I put the SS Shotguns on my Sedan from Speedway. They have baffles but still a little loud. I wrapped the baffles with glass cloth and that quieted them down some so they are tolerable. I had Thunderheaders on my M/C and they cracked just like your pipes did. I had them SS welded and they held fine. SS will not discolor very much at all if the welder knows what he is doing. BTW, they were not SS pipes.
Lee
 
I welded it up last fall before Cruising the Coast and they look pretty Frankenstein now. The picture I have above only show one crack. All 4 tubes cracked after that and a big chunk of the inside tube almost blew out. Problem is getting to the inside cracks. It just leaks a bit now but I thought I would replace them.

A lot of the off the shelf stainless and shotgun headers are for sbc only. SBF options are very limited. I would really like a 1 3/4" header but I can't even find that...
 
Well, you could always get a weldable SS header kit, comes with all the pieces parts, and then weld them up yourself....save some money that way.
That is if you have a TIG. I just usually get the kits like that, as long as the flange is full length there will be no problems.
Too light a flange or substandard tubing will usually have cracked tubes. People using those as steps doesn't help either.....
 
Jay, how old are your headers? Maybe Sanderson would give you a discount if you sent them pics. That damage shouldn't happen unless the pipes were defective. My SBC Sandersons are 20+ years old and going strong.
 
Sandersons are very pricey compared to Speedway. My car had Sandersons from previous owner and were already starting to rust. Within a year, they were very rusty so I went to Speedway and ran them for 6 years without much rust or discoloration. I got a set of plain Speedways which I'm going to let rust so I will never worry about rust or bluing.

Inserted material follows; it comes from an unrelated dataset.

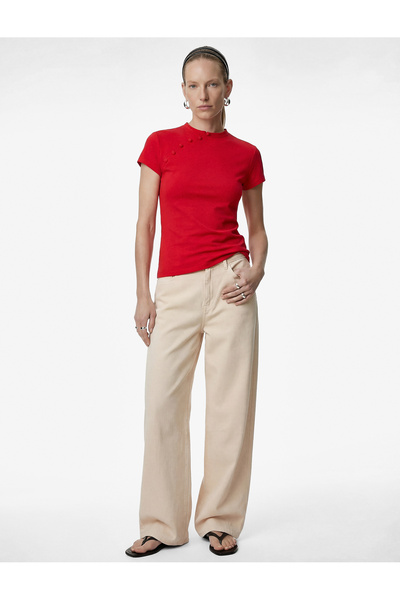 Koton Μπλουζάκι από ύφασμα Crepe Scuba με λεπτή εφαρμογή, κοντό μανίκι, με κο...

In my experience: Sanderson = overrated, Speedway = underrated.
 
Sandersons are very pricey compared to Speedway. My car had Sandersons from previous owner and were already starting to rust. Within a year, they were very rusty so I went to Speedway and ran them for 6 years without much rust or discoloration. I got a set of plain Speedways which I'm going to let rust so I will never worry about rust or bluing.

In my experience: Sanderson = overrated, Speedway = underrated.

If they weren't several inches shorter requiring changes to my step/hanger design I would just switch. How my mount is now a shorter header won't even make it to my step. lol

I do agree with your comments. The header coating looked like crap in no time and I have plenty of similar responses from other users.
 
Jay, how old are your headers? Maybe Sanderson would give you a discount if you sent them pics. That damage shouldn't happen unless the pipes were defective. My SBC Sandersons are 20+ years old and going strong.

They must be about 7 years now. I have seen plenty of T's like yours with no mount so I never seen the reason for it. My passenger side is fine.
 
Well, you could always get a weldable SS header kit, comes with all the pieces parts, and then weld them up yourself....save some money that way.
That is if you have a TIG. I just usually get the kits like that, as long as the flange is full length there will be no problems.
Too light a flange or substandard tubing will usually have cracked tubes. People using those as steps doesn't help either.....

I would love nothing more if I only had the time. lol. I don't have a tig but have used one. I really liked it and I found my welds much nicer than mig. For what ever reason I can't seem to focus well on my puddle when mig welding but tig and gas is no problem. I have tried every shade setting on my Miller helmet as well. I just about bought one last year but I bought a new Miller 212 to replace my old Century 250 mig machine. Maybe this year... I have 3 girls in college so funds I come across usually get spent on my cars instead of tools. lol.